# Exercise - Simple Linear Regression with PyTorch

## Introduction

Linear Regression is the Hello World of Machine Learning. In this exercise you will implement a simple linear regression (univariate linear regression), a model with one predictor and one response variable. The goal is to recap and practice fundamental concepts of Machine Learning aswell as practice the usage of the deep learning framework PyTorch. Steps in this exercise:

1. Implement a linear function as hypothesis (model)
2. Write a function to quantify your model (cost function)
3. Learn to visualize the cost function
6. Visualize your training process and results
7. Replace self written functions for linear hypothesis, costs and optimizer with PyTorch Built-Ins

## Requirements

### Knowledge

You should have a basic knowledge of Machine Learning models, cost functions, optimization algorithms and also numpy and matplotlib. We will only recap these concepts for a better understanding and do not explain them in great detail. Suitable sources for acquiring this knowledge are:

### Python Modules

By deep.TEACHING convention, all python modules needed to run the notebook are loaded centrally at the beginning.

# Import Numpy & PyTorch
import numpy as np
import matplotlib.pyplot as plt
import torch
import torch.nn as nn
import torch.nn.functional as F
import torch.optim as optim

from mpl_toolkits.mplot3d.axes3d import Axes3D

## Trianing Data

First, let us generate some training data:

-$m$-Training data$\mathcal D = \{(\vec x^{(1)}, y^{(1)}),(\vec x^{(2)},y^{(2)}), \dots (\vec x^{(m)},y^{(m)})\}$

here with -$m=100$ training data

• one feature$x \in [0, 10]$

• one target value (float):$y = 5 + 2 \cdot x + \eta$

• gaussian noise$\eta$

Note that in reality, we do not know the true target function. If we did, we already knew the perfect model and did not have to find one.
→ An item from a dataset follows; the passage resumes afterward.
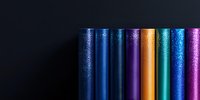 Vertical metallic columns with sparkling glitter falling effect in vibrant blue, purple, gold, and turquoise colors against dark background, creating modern abstract design.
### seed for reproducability
np.random.seed(42)

m = 100
X = np.random.uniform(low=0, high=10, size=(m))

### convert from float64 to float32 for various reasons:
### speedup, less memory usage, precision is enough.
### when using GPU, fp16, fp32 or fp64 depends on
### type of GPU (consumer/workstation/server).
X = np.array(X, dtype=np.float32)

print(X.shape)
print(X.dtype)
def true_target_function(x):
bias = 5
slope = 2
noise = np.random.randn(len(x))
return bias + slope * x + noise
y = true_target_function(X)
y = np.array(y, dtype=np.float32)

print(y.shape)
print(y.dtype)

### Plot the data

First, let us plot the data, so we know what we have to deal with:

plt.scatter(X,y, label='$D_{Train}$')
plt.title('Training Data')
plt.xlabel('Feature $x$')
plt.ylabel('Target $y$')
plt.legend()

## Exercise - Simple Linear Regression

A short recap, a hypothesis$h_\theta(x)$ is a certain function that we believe is similar to a target function that we like to model.

## Model

As we practice linear regression with one feature per training data our model (or hypothesis) will be a line: Consisting of a bias $\theta_0$) and a slope $\theta_1$). So our hypothesis can be defined with:

$h_{\theta}(x) = \hat y = \theta_0 + \theta_1 \cdot x =$

$h_{\theta}(x) = \hat y = \theta_0 \cdot 1 + \theta_1 \cdot x_1$

$\hat y$ is often used for the prediction of our model (oppose to just$y$ for the true target value).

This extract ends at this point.